Jonathon: 00:14:05.497 So with that, I'll now move into my demo. So this right here — this is a Teleport proxy that is serving this UI to me in my web browser. I'm using Auth0 for my access here. So I'm going to select Auth0. It's going to start the SSO flow. I'm going to sign in with Google, just use my Teleport account. Here, Teleport, I'm in an admin group, so I'm receiving an admin role here, and what I arrive into is I can see servers that I'm authorized SSH into, applications that I can connect to, any Kubernetes clusters that I have, as well as databases that I have set up. I can also view activity. So all actions that our user is doing to any of these resources, I can come in here and see that it's tied to the specific identity of a user. And if I view details on any of these, I'm able to see information about that particular event. So in this case, the Kubernetes request, I can see that this was a GET, pods on the default namespace and the user who actually was issuing that [inaudible] request. I can also see session recordings. So what somebody does in an SSH session or exec into a Kubernetes pod, all of that is recorded, as you can see here. In this case, this was an exec into an Nginx pod.

Jonathon: 00:15:53.907 But here in servers, if I want to actually SSH into one of these, I can click this Connect dropdown, and I can select which user I want to SSH as. If I select this root user, I immediately have this SSH session and I can do whatever sysadmin activities I might be doing, and any typos are getting recorded. So everything I do is being fully captured and audited by Teleport. So here back in the audit logs — here is me starting that session. If I view the details, here is where I can see — not only can I see that I SSH'd his route, but I can also see specifically tied to my identity. If I click this button here, this starts the playback for me of that SSH session that I just had.

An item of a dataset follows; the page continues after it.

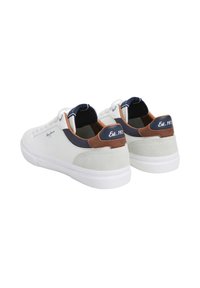White suede sneakers with navy and brown accents, featuring a textured heel and a white rubber outsole. Logo on the side and heel.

Jonathon: 00:17:00.158 So all this can also be done in the CLI. So here in the CLI — tsh is Teleport's CLI tool. And I can log in and reference the same proxy that I was interacting with in my web browser, and I'm going to tell it that I want to use my Auth0 single sign on connector. So it kicks open a web browser tab for me, and I'm going to sign in with my Teleport account again. I successfully logged in. So going back into the terminal window, now I can see information about this session for my user roles that I have. What users I can SSH as, how long my access is good for other information. And here, if I want to see the same servers that I could see in my UI, I can do that with a tsh ls. If I want to interact with Kubernetes clusters, tsh kube ls. And if I do any kubectl requests, Teleport is going to record, audit that, tie it to my identity, as well as record any kubectl exec sessions that I do. Also, for databases, with Teleport, you can connect to databases and Teleport will record all database queries and again tie it to the identity of the user who is actually executing those queries.

Conclusion

Jonathon: 00:18:41.057 To summarize, implement MFA everywhere. Use at least two of those three forms of authentication. Again, that's something you know, something you have, and something you are. Colonial Pipeline, that's just a very recent example that I have. But if you go through and search examples of when MFA was not implemented, a compromise ensued, you will find many, many examples. Target, JP Morgan, many other corporations. And then use SSO. Tie role-based access control to your identities within SSO. And really, use SSO in order to grant access to anything within your organization. Applications, servers, Kubernetes clusters, everything. And because you'll have SSO tied to that access, you'll be able to capture the identities of who is actually doing actions and what those actions are. And you'll be able to implement MFA as part of your SSO setup. Whether it's Okta, Active Directory, Duo, you can implement MFA as part of SSO.

Next steps

Jonathon: 00:20:09.605 So next steps — implement SSO and MFA. Check us out on GitHub and join us. We are hiring for a variety of roles, growing like crazy. We would love to talk to you. Thank you so much for attending today's session. Have a great rest of your day.